T- BAG kindly explain the bones of what they have offered to Government on your behalf:
* Restricting farmers with a recent history of the disease to moving their cattle only to other ‘high risk’ farmers.

* Examining the costs and benefits of increasing routine surveillance.

* Looking at the costs and benefits of greater use of the gamma interferon test.

* Exploring the scope for introducing a risk-based trading, and how it could work.

* Targeted use of post-movement testing.

Mr Jinman said there was no support for ‘zoning’, banning the movement of cattle out of high risk areas, as this would have an ‘unacceptable economic impact’ and would not reflect risk accurately for those farmers who had stayed disease-free.

But there was, he said,
A ‘willingness’ to consider other options, such as risk-based trading.
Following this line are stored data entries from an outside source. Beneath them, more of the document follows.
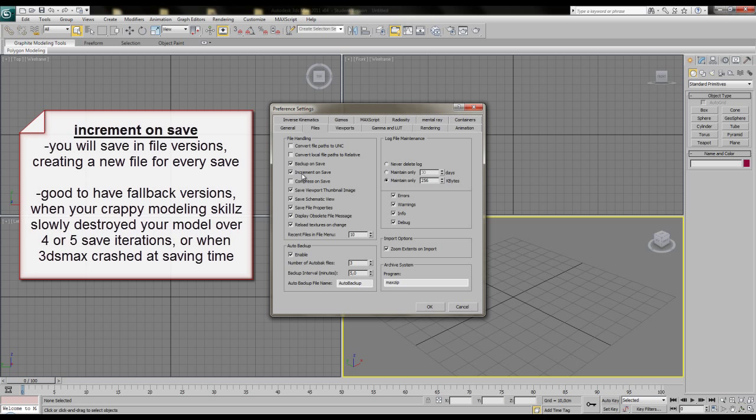If you save the file in versions like this, you get the option to fall back to earlier versions of your scene or use the files as a backup mechanism for crashed Max sessions.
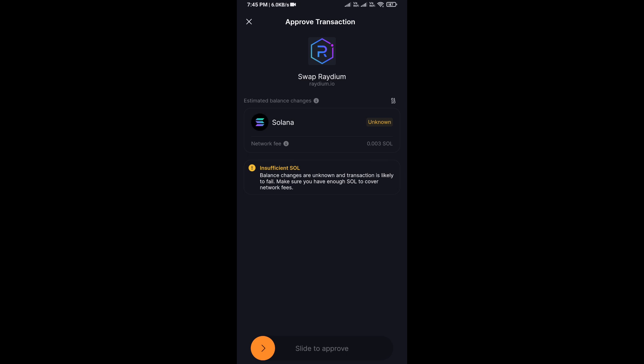You will receive the token successfully on Solflare wallet. I have only shared the technical process, not financial advice. Thanks for watching.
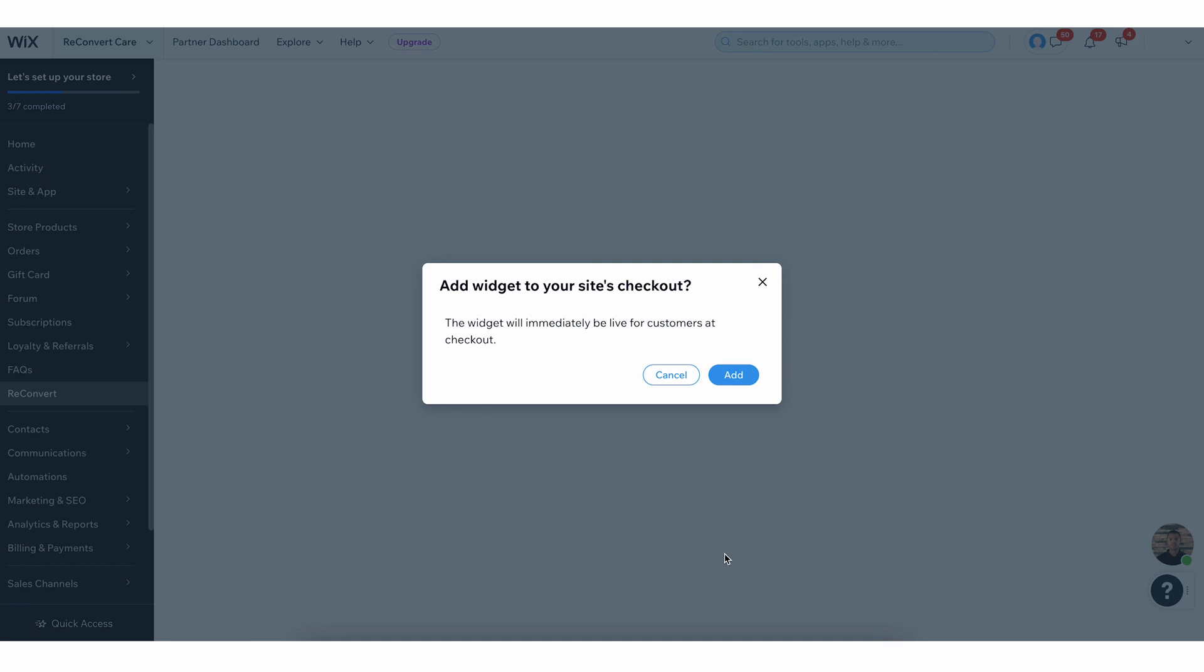Let me explain a little bit what this is. To use Reconvert on your checkout, you need to add a widget to your checkout on the Wix editor. To make this easy for you, Wix allows us to just add the widget for you. So, in order to see Reconvert on the checkout, you have to add the widget. You can do it manually later, but I really would not recommend it. So, I know this pop-up says this widget will immediately be live for customers at checkout, but that's not actually true. It's going to be live on the Wix side. On the Wix editor, you will have the Reconvert widget added. However, you do not have to display anything to your customers until you finish setup in Reconvert.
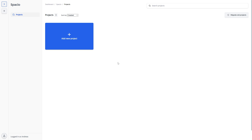Let's take a look at Sketches in Spatio. Sketches lets you have different versions of your project, so you can make more experimental changes without the risk of messing up the original project, or to compare different versions of your project.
While the details still have to be fleshed out, the broad principle is that farmers would be categorised according to risk, with those that have experienced breakdowns in the past two to four years, for example, categorised as ‘high risk’.
They would be allowed to move cattle to other high risk farms but not to farms deemed lower risk.

So, we have a story that livestock farms in the as the SE, NE and Midlands are described as 'Strangled by the movement restrictions", which they say will destroy more businesses than the diease. But on behalf of every farm which has had a confirmed outbreak of TB in the last 2, 3 or 4 years (Defra haven't decided yet), a small 'stakeholder' group, has offered - " willingly" the man said, er, more movement restrictions, and a two tier market - if any market for such stock can be found at all.

One could say that such ideas show a distinct 'lemming' gene to be prevalent amongst the group.